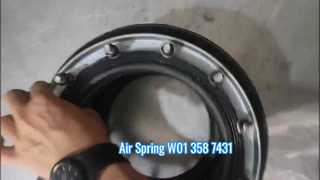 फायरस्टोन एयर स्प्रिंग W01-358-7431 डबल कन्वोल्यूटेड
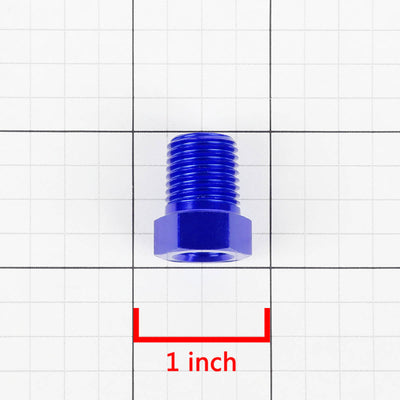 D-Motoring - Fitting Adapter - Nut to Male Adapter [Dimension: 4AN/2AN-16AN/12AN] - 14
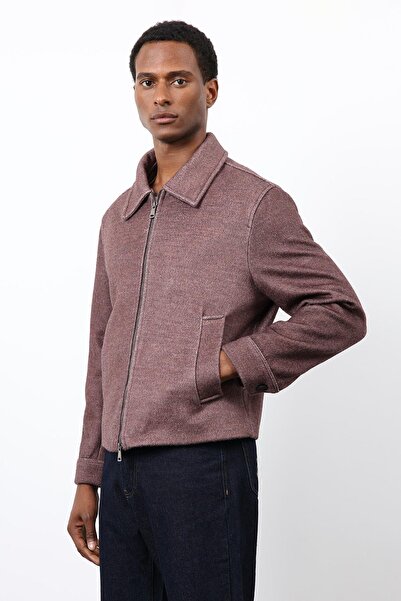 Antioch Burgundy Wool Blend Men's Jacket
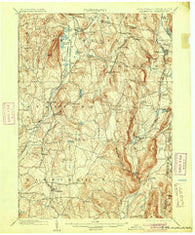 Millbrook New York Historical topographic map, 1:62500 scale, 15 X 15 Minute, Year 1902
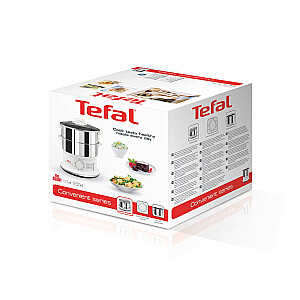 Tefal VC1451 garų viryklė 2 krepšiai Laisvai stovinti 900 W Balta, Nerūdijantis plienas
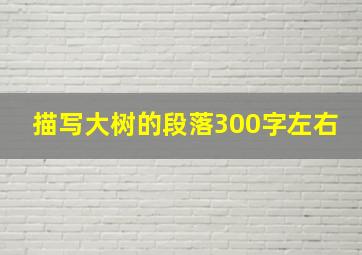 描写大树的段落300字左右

◇ ◇ ◇ ◇

Exclude the pictures and reproduce every entry exactly.

> _Answer to this task_
 फायरस्टोन एयर स्प्रिंग W01-358-7431 डबल कन्वोल्यूटेड
 D-Motoring - Fitting Adapter - Nut to Male Adapter [Dimension: 4AN/2AN-16AN/12AN] - 14
 Antioch Burgundy Wool Blend Men's Jacket
 Millbrook New York Historical topographic map, 1:62500 scale, 15 X 15 Minute, Year 1902
 Tefal VC1451 garų viryklė 2 krepšiai Laisvai stovinti 900 W Balta, Nerūdijantis plienas
 描写大树的段落300字左右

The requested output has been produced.